Posted by: FUNdamental ()
Date: June 10, 2010 11:25AM

Fairfax County schools target tech that helps students cheat

By Holly Hobbs
Fairfax County Times
Thursday, June 10, 2010

With modern technology, students have discovered new academic cheating schemes -- some through cellphone cameras, text messages and calculators -- but teachers in Fairfax County say they are on to them.

"I caught a kid last year, or the year before. The teacher had left a test answer key on her desk, and the kid walked up to get a Kleenex and took a picture" with a cellphone, said teacher Lisa Green, coordinator for Robinson Secondary School's International Baccalaureate program. Other students, who were furious that the cheater was getting a leg up, turned him in.

"The kids see it, and they really resent that they've worked so hard and this kid has taken an advantage," Green said.

Last month, the Fairfax County School Board voted to tighten regulations on the use of privately owned electronic devices in schools. Even before the new regulations, students were allowed to carry a cellphone but not to use them in school. The board ruled that students should be prohibited from using cellphones to access certain Web sites, such as social networking ones, that already are blocked from use on school devices.

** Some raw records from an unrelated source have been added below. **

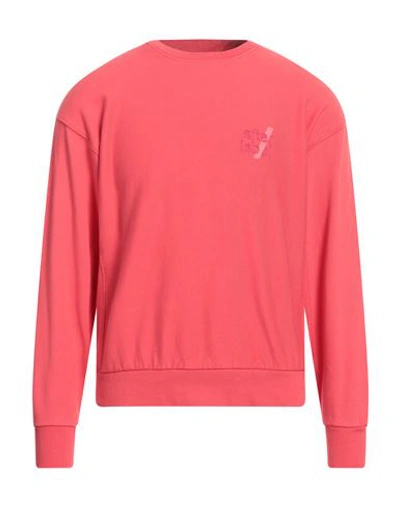 Afterlabel Man Sweatshirt Coral Size S Cotton In Red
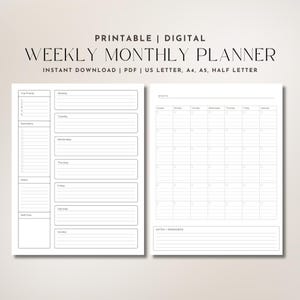 May include: Printable weekly and monthly planner template in black and white. The weekly planner has sections for top priority, reminders, notes, and self-care. The monthly planner has a grid for each day of the month with space for notes and reminders.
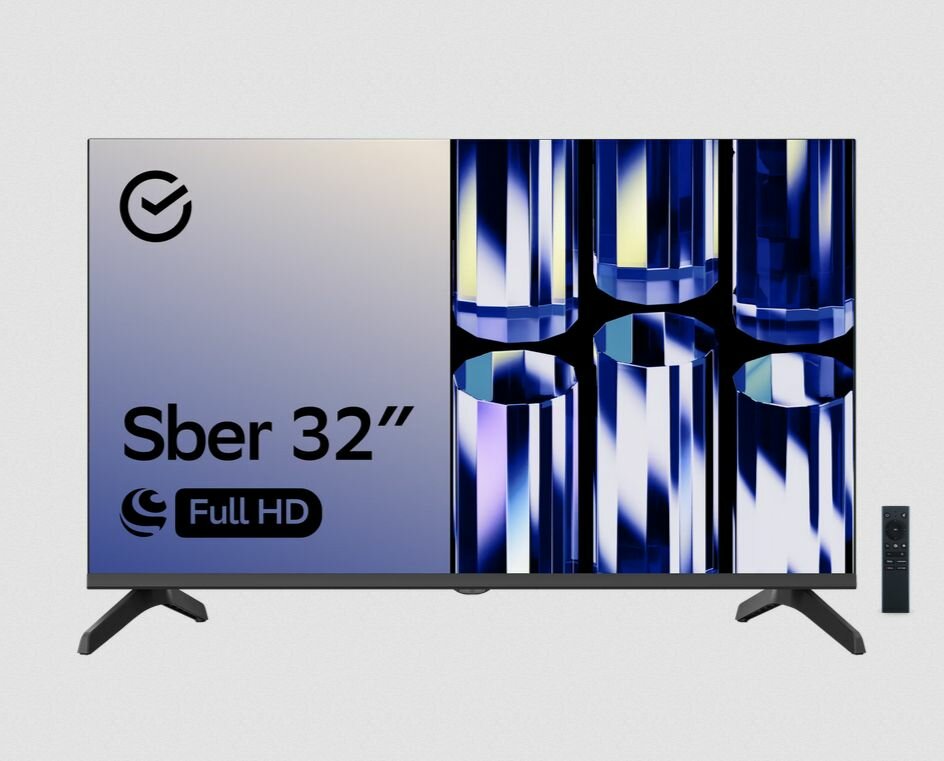 Умный телевизор Sber Full HD 32 дюймов (81 см) с салют ТВ WI-FI встроенный цифровой тюнер DVB-T2/DVB-C черный 1920х1080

In math classes, students have preprogrammed calculators with formulas, which they can gain access to at the touch of a button, Robinson teacher Coulter Weaver said.

"For me, whether it's a crib sheet or a calculator, it's just so obvious. It's in their posture," he said of the slumped shoulder and downward glances that give cheating students away.

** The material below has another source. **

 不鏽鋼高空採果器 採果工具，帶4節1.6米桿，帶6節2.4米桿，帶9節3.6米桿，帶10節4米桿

In April, Chantilly High School's newspaper, the Purple Tide, reported that Advanced Placement U.S. history students used the Internet to cheat on a take-home test. The unusually high number of A's gave them away, wrote student journalist Marcelo Aranibar.

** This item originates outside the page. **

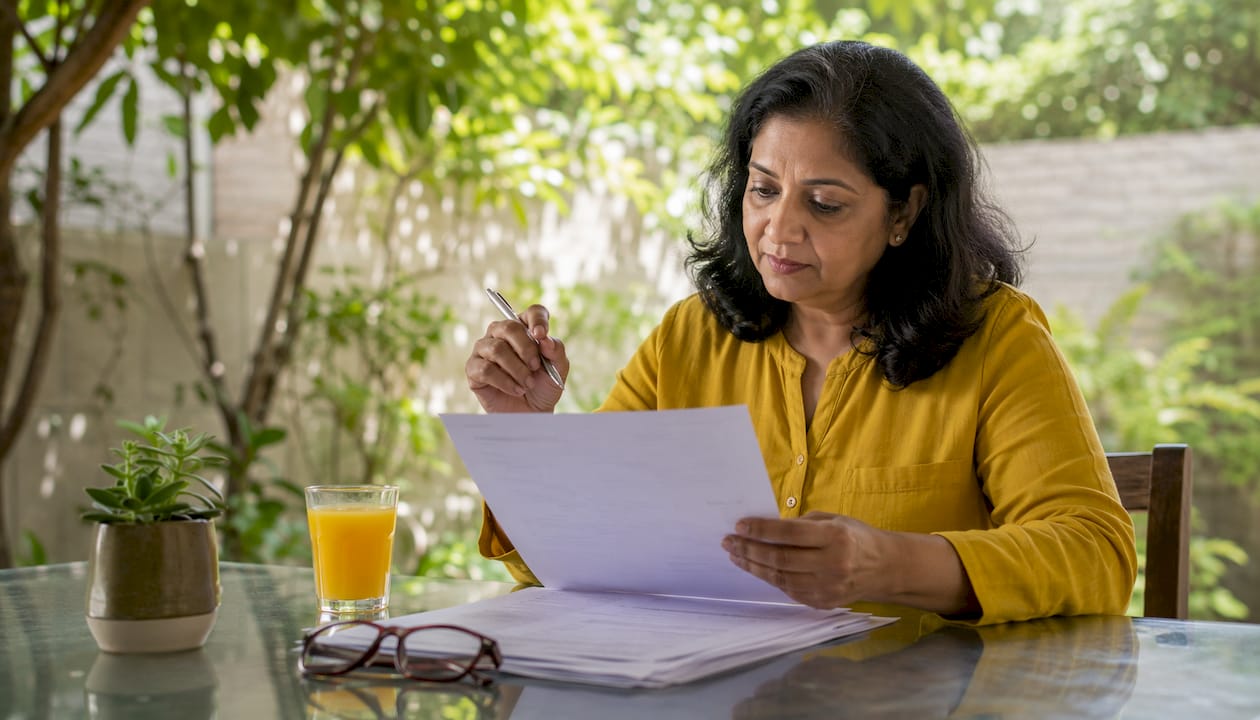 Entrepreneur reviewing bridge loan paperwork at home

For the most part, teachers say they try to handle cheating in the classroom on a case-by-case basis. Depending on the severity of the case, students can receive anything from a reduced grade or zero on an assignment to suspension or expulsion from school.

Weaver said that in his IB psychology class, plagiarism is the most common form of electronic cheating.

"It is so easy for these kids to cut and paste or pay for a paper," he said. "In my circumstances, the kids are lifting whole papers and switching out the names on it."

Plagiarism is the most common form of cheating on major assignments, teachers said. Students have been found liberally using the copy and paste buttons on their computers to steal from SparkNotes or similar Web sites.

Cheating is in every school, teachers said. But for plagiarism, schools such as Robinson have an edge. Teachers have been using Turnitin, a Web-based program developed in 1996 by researchers at the University of California at Berkeley. The program has ties to more than 500,000 educators in about 9,000 high schools and universities. More than 100 million student papers have been processed through the site.

Schools that have the program ask students to submit electronic copies of their work, which is loaded into the program and checked for authenticity. That means kids are finding it harder to use research papers submitted during previous years by a sibling or older student, teachers said.

"It highlights the paragraphs that could be plagiarized. You have to be very careful, though," Green said. "I had a student whose paper came up [as] 40 percent plagiarized, and it wasn't."

The student, she said, had used lines of text from sources that had been properly cited.

Teachers noted that cheating is not a new problem.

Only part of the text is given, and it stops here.